Start of Block

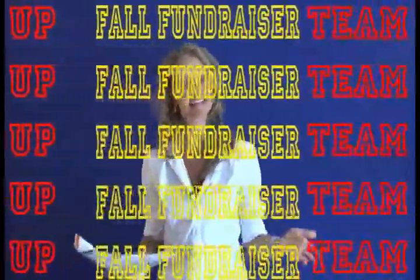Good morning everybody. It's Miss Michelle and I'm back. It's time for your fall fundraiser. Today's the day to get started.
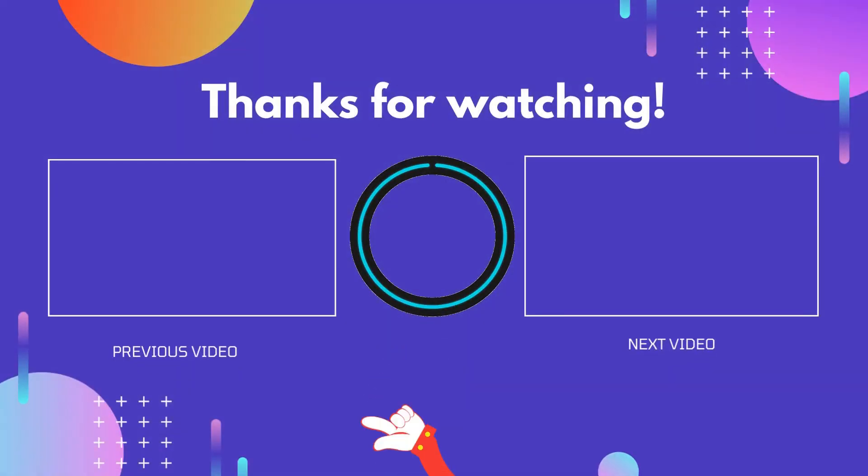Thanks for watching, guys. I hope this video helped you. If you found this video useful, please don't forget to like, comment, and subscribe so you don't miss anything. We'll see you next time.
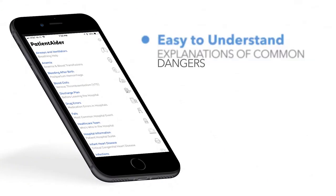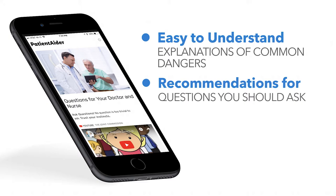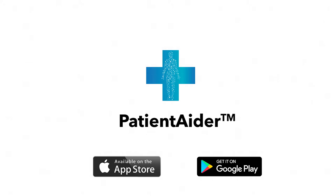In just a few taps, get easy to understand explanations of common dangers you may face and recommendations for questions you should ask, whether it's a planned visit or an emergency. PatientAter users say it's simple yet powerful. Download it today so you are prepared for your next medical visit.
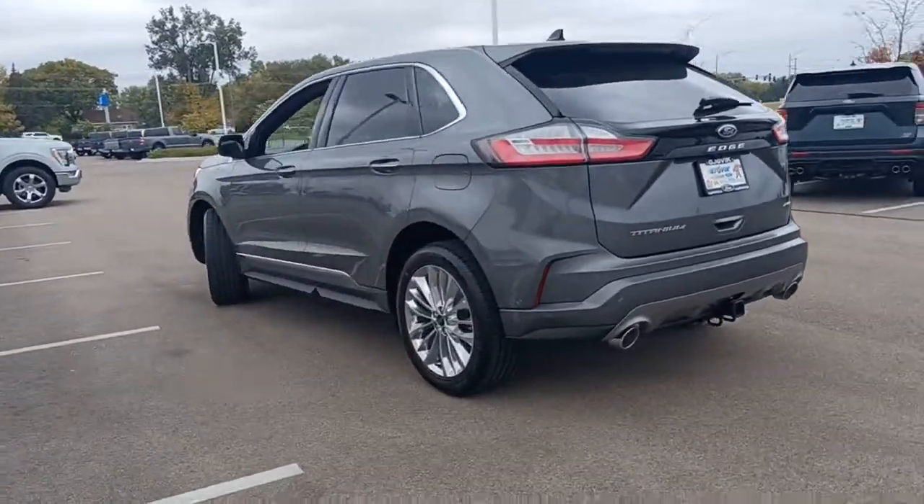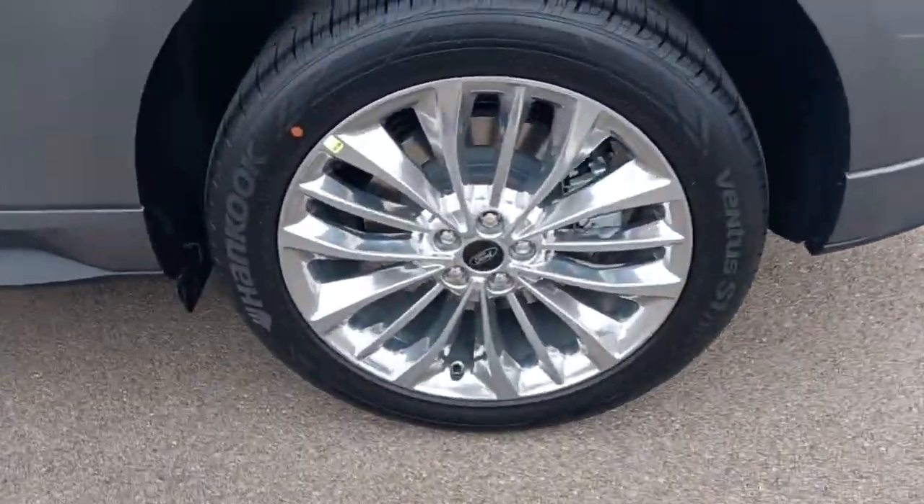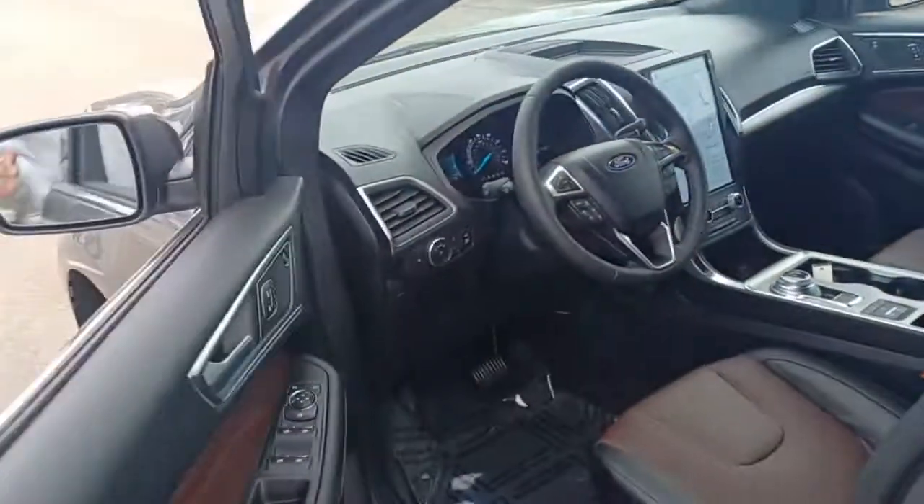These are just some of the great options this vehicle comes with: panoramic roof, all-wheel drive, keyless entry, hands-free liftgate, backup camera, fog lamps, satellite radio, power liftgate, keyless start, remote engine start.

End of Block
Start of Block

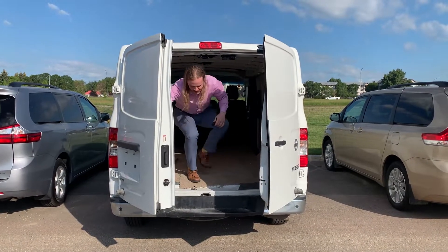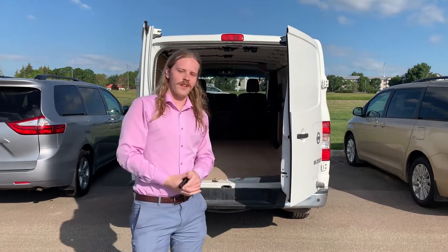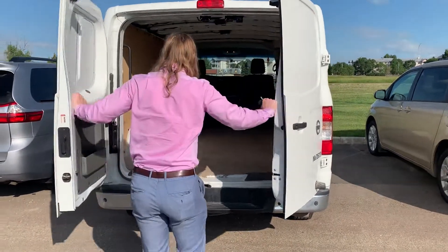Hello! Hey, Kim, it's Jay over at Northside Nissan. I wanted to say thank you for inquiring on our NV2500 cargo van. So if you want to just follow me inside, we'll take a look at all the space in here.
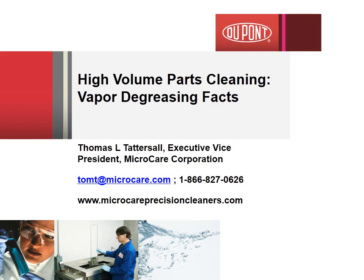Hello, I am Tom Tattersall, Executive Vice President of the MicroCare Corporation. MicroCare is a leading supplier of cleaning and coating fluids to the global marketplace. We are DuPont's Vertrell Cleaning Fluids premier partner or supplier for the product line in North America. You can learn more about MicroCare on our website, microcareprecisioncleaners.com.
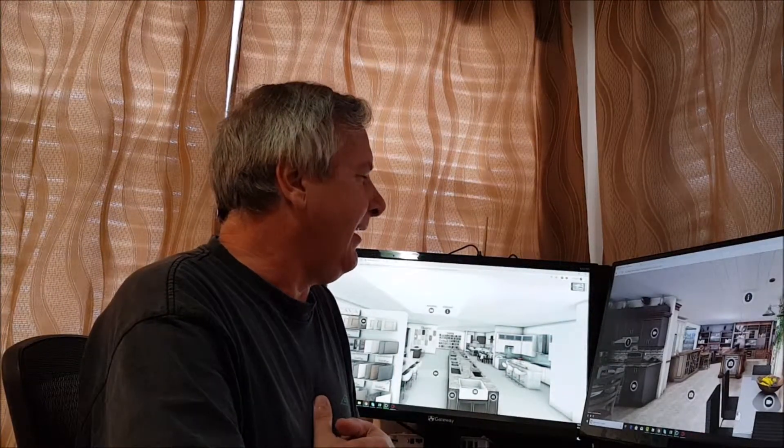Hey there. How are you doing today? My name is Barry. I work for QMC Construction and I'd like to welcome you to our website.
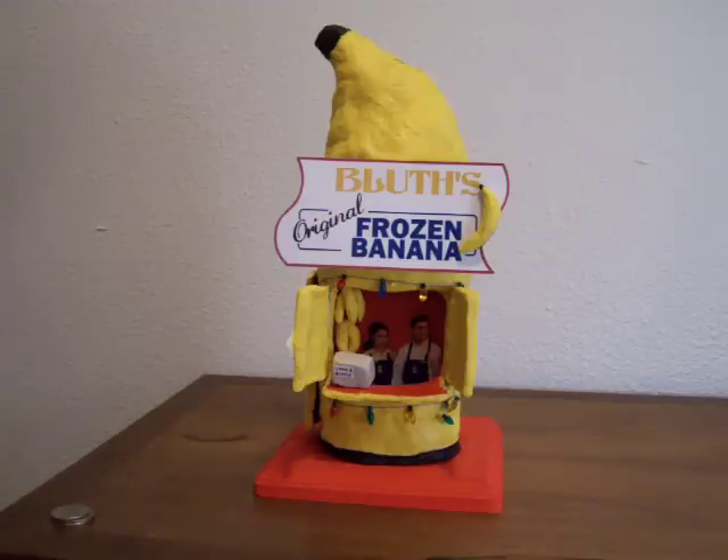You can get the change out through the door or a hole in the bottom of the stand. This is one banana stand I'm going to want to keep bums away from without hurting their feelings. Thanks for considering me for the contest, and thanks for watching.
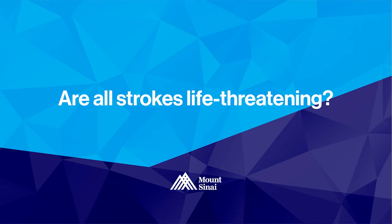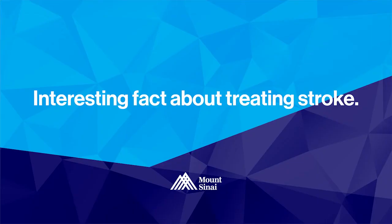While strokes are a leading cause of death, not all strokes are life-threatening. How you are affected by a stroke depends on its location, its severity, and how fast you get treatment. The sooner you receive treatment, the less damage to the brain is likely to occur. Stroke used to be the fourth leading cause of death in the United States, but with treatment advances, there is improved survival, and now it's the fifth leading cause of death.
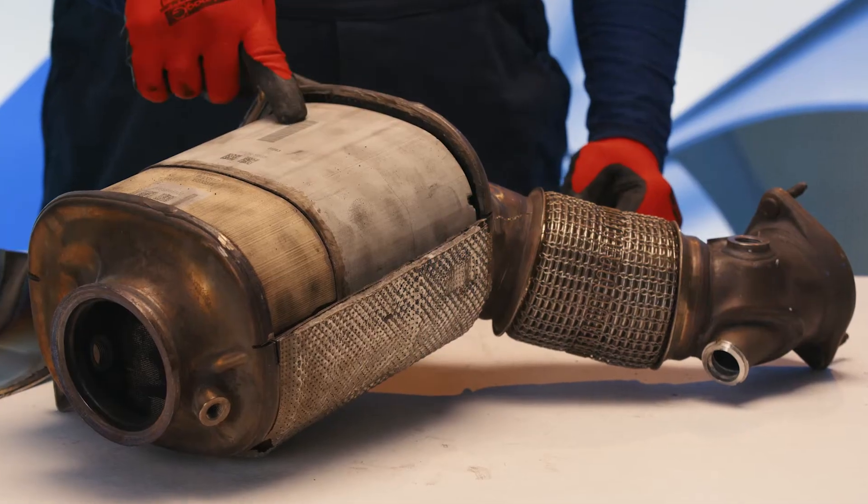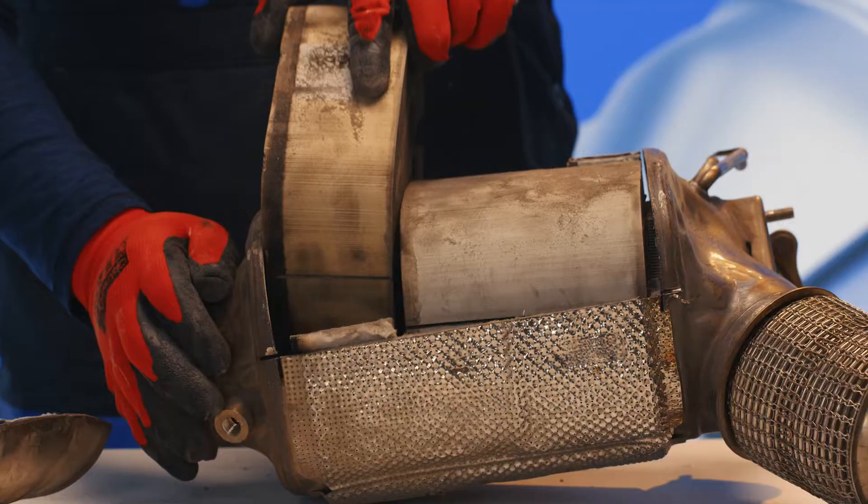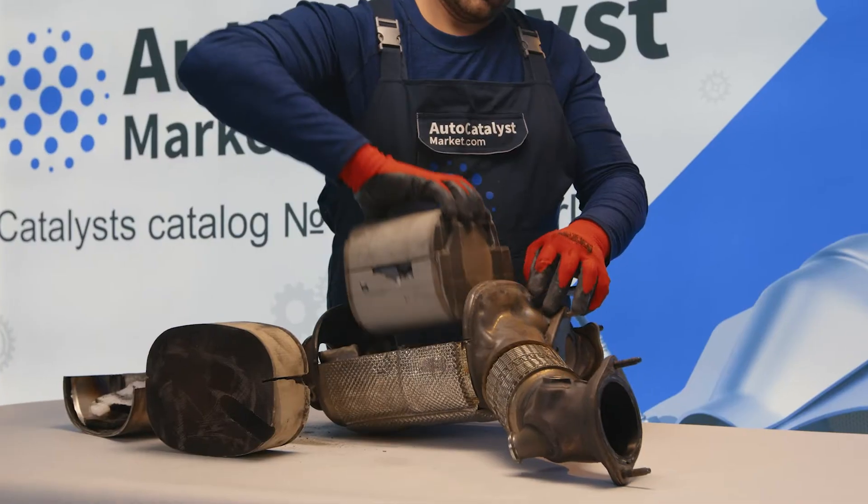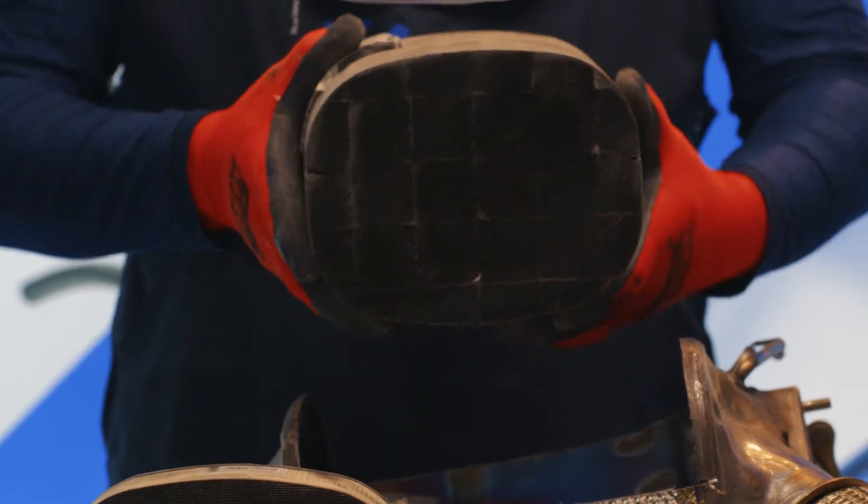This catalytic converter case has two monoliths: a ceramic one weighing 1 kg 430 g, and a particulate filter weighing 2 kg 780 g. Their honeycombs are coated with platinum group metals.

End of Block
Start of Block

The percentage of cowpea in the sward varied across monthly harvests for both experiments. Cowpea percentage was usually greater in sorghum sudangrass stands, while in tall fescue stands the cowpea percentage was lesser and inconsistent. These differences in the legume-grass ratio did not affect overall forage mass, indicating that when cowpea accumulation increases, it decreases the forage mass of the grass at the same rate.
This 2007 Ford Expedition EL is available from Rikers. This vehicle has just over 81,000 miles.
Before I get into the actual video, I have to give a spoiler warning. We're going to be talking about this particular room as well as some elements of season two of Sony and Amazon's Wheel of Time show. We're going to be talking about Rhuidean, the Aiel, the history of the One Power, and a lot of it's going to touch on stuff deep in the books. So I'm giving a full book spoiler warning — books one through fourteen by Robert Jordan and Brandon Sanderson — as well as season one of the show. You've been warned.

End of Block

Work instruction:
Set down exactly the lines above, from the line containing "Good morning everybody." through the line containing "Thanks for watching, guys.". Skip the pictures.

Task answer:
Good morning everybody. It's Miss Michelle and I'm back. It's time for your fall fundraiser. Today's the day to get started.
Thanks for watching, guys. I hope this video helped you. If you found this video useful, please don't forget to like, comment, and subscribe so you don't miss anything. We'll see you next time.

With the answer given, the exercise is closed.